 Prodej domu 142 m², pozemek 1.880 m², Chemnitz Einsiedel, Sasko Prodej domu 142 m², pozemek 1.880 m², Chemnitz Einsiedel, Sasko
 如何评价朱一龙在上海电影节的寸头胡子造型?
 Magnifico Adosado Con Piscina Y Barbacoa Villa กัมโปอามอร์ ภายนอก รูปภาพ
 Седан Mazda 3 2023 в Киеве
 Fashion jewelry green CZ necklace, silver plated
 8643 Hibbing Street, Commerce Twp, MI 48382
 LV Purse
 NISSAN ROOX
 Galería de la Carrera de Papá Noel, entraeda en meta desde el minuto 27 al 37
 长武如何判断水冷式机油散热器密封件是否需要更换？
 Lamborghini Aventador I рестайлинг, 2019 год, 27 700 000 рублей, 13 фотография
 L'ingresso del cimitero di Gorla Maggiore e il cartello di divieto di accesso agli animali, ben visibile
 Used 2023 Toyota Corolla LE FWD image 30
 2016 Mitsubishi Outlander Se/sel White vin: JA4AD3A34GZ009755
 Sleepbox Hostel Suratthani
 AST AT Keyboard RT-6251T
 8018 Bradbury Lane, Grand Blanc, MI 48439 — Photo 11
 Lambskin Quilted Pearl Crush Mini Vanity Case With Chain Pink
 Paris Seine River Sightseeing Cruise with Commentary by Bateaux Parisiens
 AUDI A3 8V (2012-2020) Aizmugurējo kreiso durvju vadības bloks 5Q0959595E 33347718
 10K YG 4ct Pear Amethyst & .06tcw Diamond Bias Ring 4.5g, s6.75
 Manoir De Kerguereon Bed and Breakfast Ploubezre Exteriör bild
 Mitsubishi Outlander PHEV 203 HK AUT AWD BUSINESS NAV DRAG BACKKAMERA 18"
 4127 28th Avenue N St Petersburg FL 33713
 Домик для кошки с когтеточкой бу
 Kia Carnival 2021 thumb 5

################

Task directions:
In the entries above, find every line holding the word "Outlander" and copy it out.

Task response:
 2016 Mitsubishi Outlander Se/sel White vin: JA4AD3A34GZ009755
 Mitsubishi Outlander PHEV 203 HK AUT AWD BUSINESS NAV DRAG BACKKAMERA 18"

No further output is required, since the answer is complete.